### TASK OBJECTIVE
Write the listing below out again in full, dropping its pictures.

### DATASET CONTENT

○ ○ ○ ○

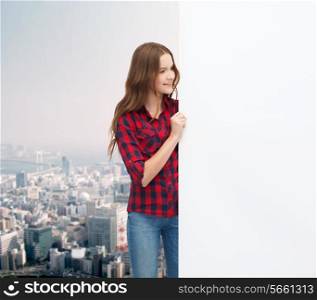 happiness, advertising and people concept - smiling teenage girl with white blank board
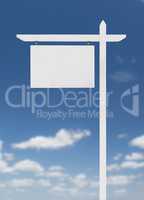 Blank Real Estate Sign Over A Blue Sky with Clouds.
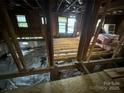 Exposed interior showing the frame work and structure, revealing construction at 310 E Division Ave, East Spencer, NC 28039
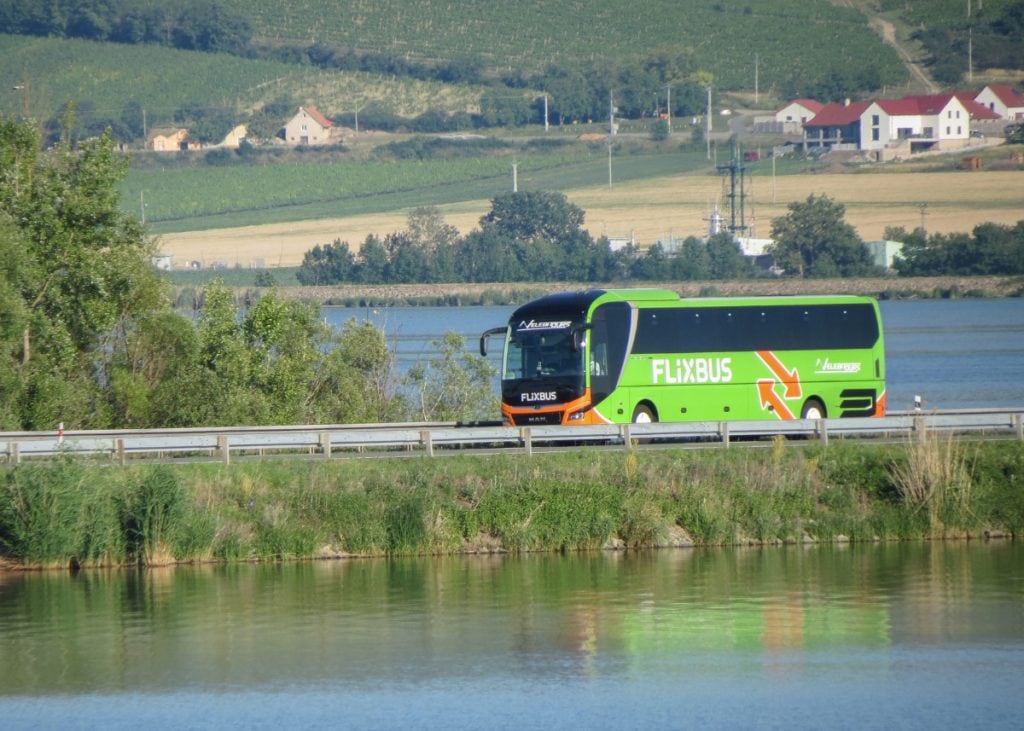 A green and orange FlixBus travels on a road next to a body of water with houses and greenery in the background.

○ ○ ○ ○

### TASK ANSWER
 happiness, advertising and people concept - smiling teenage girl with white blank board
 Blank Real Estate Sign Over A Blue Sky with Clouds.
 Exposed interior showing the frame work and structure, revealing construction at 310 E Division Ave, East Spencer, NC 28039
 A green and orange FlixBus travels on a road next to a body of water with houses and greenery in the background.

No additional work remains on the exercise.